マキは、服装の乱れもなく、どこか怪我してる様子もない。
だが、そう見えないだけかもしれない。
こいつは怪我したって血を流してたって、平気だとヘラヘラ笑う奴だ。
賢史「マキ、怪我は?何があった。」
俺がそう尋ねると、マキは怯えたてる男の子に「この人僕の友達だから」と優しく言って背中を撫でながら答えた。

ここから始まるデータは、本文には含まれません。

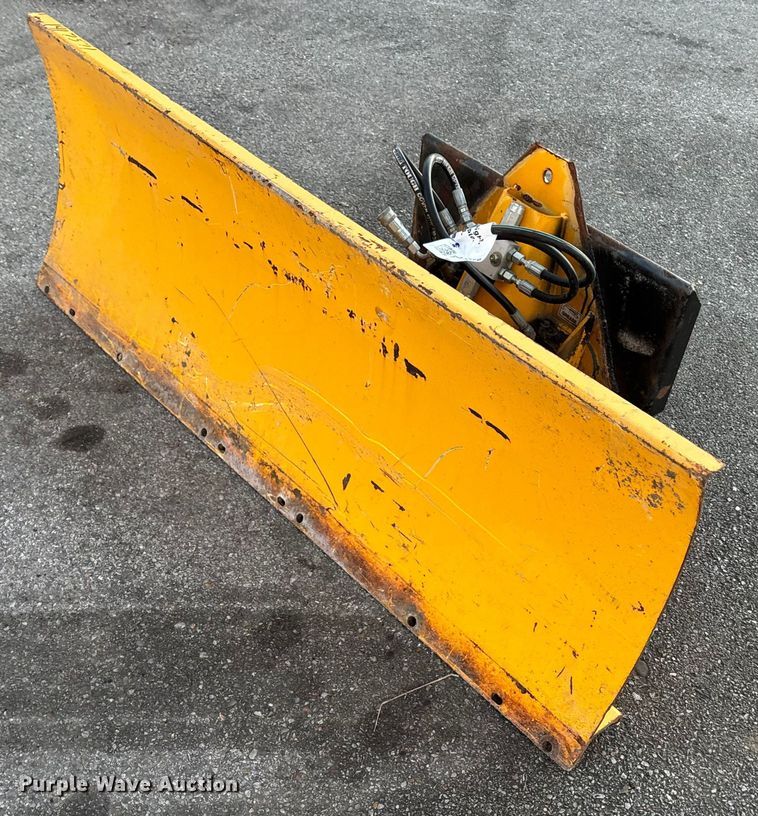 image for item FG1618 skid steer snow plow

マキ「僕は何ともないよ、ありがとう賢史さん♪。さっきの人達、この子を縛って無理やり撮ろうとしてたんだ。僕にもギャラ弾むから出演してとか言ってたから裏ビデオ作るつもりだったんじゃない?」
『何ともないよ、ありがとう賢史さん♪』じゃねーだろーが!!
何ヘラヘラ答えてんだ!!
お前の大丈夫は大丈夫じゃねーだろーが!!
お前がそんなんだから神が怒るんだろうが!!
賢史「お前の〝何ともない〟は信用できない」
マキ「アハッ♪、今回はホントだよ♪ちょこっと間に入っただけだから♪」
ちょっとじゃねーだろ!
賢史「そっちの子は、怪我は」
マキ「殴られてる、でも、病院は嫌だって、だから先生のところに連れてこうと思う」
マキは遠回しに、この子乱暴されてるって目で訴えた。
マキの上着で隠してあるから見えないが、男の子の下半身はドロドロだろう。
賢史「分かった、俺が車で送ってく。ところで、本当にお前は何ともないんだろうな」
マキ「僕強いんだよ、心配ないって♪ちょこっと投げ飛ばして股間蹴り上げただけだから(テヘペロ♪)」
テヘペロってなんだ!
可愛らしく舌出してペコちゃんしてんじゃねーよ!
しかも馬鹿か!?
明らかに自らトラブルに首突っ込んだんだろ!!
賢史「お前なぁ…、助けに入るならまず俺を呼べよ!」
マキ「………」
マキは、可愛らしい上目遣いで瞳をウルっとさせながら
『あれくらい大丈夫』
『百目鬼さんには言わないでお願いっ♡』
って訴えてるが、
いやいや、もうバレてるも同然ですが…
ヤバい…
早く神に連絡しなきゃ、青森飛び出してこっちに来ちまう!
あーもー、神になんてフォロー入れよう。